Why are we so determined to trash the old when it still holds value and still reminds us of history’s challenges and triumphs?

Why are we so determined to trash the old when it still holds value and still reminds us of history’s challenges and triumphs?

I love to fish – ineptly but pleasantly – at Roaring River State Park near Cassville. The river itself, arising from a huge spring right there, is a natural wonder. All that cold water is perfect for rainbow trout smarter than the likes of me.

Those fish attract fishermen, and those people will spend irrational amounts of money obsessed with the pursuit of a full stringer. That’s important business in Cassville, Mo. And Roaring River is what it is today largely because of the efforts of the Civilian Conservation Corps eight decades ago.

Not the least of this is what is today called the CCC Lodge, a majestic but now unloved stone structure near the river. Once it was a hotel.

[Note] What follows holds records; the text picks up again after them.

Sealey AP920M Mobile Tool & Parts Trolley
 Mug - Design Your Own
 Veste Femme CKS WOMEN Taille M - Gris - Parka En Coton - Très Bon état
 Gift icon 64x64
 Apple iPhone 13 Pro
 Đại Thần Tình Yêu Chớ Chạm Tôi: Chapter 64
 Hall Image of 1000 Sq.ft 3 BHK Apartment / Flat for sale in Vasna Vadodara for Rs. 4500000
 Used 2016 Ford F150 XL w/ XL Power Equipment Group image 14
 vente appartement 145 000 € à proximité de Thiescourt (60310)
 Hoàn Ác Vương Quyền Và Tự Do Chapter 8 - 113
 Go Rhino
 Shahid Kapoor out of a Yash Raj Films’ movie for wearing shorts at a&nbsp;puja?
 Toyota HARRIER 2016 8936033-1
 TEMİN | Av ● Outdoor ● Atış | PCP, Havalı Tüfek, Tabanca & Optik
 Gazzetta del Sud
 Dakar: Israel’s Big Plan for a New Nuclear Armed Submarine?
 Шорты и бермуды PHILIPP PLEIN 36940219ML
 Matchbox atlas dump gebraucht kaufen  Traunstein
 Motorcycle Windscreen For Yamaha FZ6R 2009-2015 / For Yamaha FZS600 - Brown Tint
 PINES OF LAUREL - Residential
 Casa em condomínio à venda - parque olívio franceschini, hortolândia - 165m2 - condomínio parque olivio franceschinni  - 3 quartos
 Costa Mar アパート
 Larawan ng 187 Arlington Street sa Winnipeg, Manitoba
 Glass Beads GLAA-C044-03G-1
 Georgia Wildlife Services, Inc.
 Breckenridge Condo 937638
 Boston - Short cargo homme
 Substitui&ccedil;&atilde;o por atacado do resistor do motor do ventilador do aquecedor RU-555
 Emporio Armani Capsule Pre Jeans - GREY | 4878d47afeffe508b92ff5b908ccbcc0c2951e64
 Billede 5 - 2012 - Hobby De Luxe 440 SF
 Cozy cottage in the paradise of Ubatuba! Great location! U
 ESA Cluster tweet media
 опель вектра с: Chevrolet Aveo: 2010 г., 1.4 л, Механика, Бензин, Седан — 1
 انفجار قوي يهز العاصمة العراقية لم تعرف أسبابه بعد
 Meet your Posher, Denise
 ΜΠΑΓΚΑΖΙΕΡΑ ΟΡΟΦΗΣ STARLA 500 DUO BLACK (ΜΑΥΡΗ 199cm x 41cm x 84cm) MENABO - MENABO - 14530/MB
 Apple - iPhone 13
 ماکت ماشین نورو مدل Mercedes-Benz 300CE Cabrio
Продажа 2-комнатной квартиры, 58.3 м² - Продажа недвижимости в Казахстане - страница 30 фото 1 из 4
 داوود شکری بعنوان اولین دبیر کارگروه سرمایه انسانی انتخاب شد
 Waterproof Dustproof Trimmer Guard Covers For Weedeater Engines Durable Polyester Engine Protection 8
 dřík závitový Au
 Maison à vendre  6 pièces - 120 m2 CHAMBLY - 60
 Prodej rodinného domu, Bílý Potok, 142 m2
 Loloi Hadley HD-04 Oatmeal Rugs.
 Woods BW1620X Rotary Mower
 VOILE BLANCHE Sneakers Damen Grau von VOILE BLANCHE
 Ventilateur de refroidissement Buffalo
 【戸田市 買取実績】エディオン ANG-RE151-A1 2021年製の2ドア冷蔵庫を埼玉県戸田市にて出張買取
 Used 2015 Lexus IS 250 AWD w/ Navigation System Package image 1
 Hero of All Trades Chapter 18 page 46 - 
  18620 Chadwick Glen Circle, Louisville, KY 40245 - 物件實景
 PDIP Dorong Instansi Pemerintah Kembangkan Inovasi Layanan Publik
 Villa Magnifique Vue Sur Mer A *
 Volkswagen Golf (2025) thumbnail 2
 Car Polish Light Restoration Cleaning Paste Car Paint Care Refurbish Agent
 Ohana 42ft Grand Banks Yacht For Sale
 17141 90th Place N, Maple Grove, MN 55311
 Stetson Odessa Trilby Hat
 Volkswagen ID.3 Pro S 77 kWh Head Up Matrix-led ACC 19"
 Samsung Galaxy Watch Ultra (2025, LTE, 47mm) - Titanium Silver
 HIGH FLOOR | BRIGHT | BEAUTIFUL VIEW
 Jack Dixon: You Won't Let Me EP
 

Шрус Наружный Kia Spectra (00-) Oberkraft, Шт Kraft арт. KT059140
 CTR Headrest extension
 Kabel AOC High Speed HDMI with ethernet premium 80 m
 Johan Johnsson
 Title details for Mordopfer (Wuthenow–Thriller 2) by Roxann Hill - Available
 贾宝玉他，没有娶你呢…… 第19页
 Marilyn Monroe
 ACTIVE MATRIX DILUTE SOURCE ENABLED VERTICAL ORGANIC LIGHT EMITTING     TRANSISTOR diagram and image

It’s had other uses since but has still been a vital part of the place. If you fish there, you spend time in the store: flies and other lures, licenses and daily tags, groceries and T-shirts, and plenty of coffee. So up the stairs you would trudge. No, access wasn’t the best. The place was a little well worn. But it was fine.

Which is never good enough. A couple of years ago, they opened a new store – clean, bright, generic. It might as well be a QuikTrip. If it’s progress, I cannot see how.

The old building still sits there. The store used to be on the top floor. On the bottom floor, one year several summers ago, they tried an ice cream shop. There was coffee and hot breakfast sandwiches – a terrific idea that flopped. There was a fly shop. All came and went. And the second floor? I have no idea what’s been done with that space except probably storage.

I see that they want to put up a statue at Roaring River for all the of CCC folks who worked in Missouri. My grandfather was in the CCC in Missouri (not at Roaring River), and I think a statue is fine idea. This was a program born of the Great Depression that gave young men hard work but also the discipline and reward of a paycheck, and it helped give them a path to a better career. CCC projects are all over, many still in use.

It was a program to meet the needs of a specific time. It couldn’t be exactly replicated today, even if it’s not a bad idea at all. (For what it’s worth, as soon as Hurricane Katrina devastated the Gulf Coast, I thought a CCC-type program could have headed off much of the needlessly lingering pain that Katrina left behind. Volunteers did great work down there. The government should have stepped up.)

So build the statue. I will pause long even from not catching fish to give a tip of the cap when they unveil it. (Grandpa also would have rather fished.) I’m guessing the statue would go right in front of the lodge, which is itself on the National Register of Historic Places.

But the lodge means something, too. We should honor those who built it – those who built so much in this country – by finding a good use for it and cherishing it for a few more generations.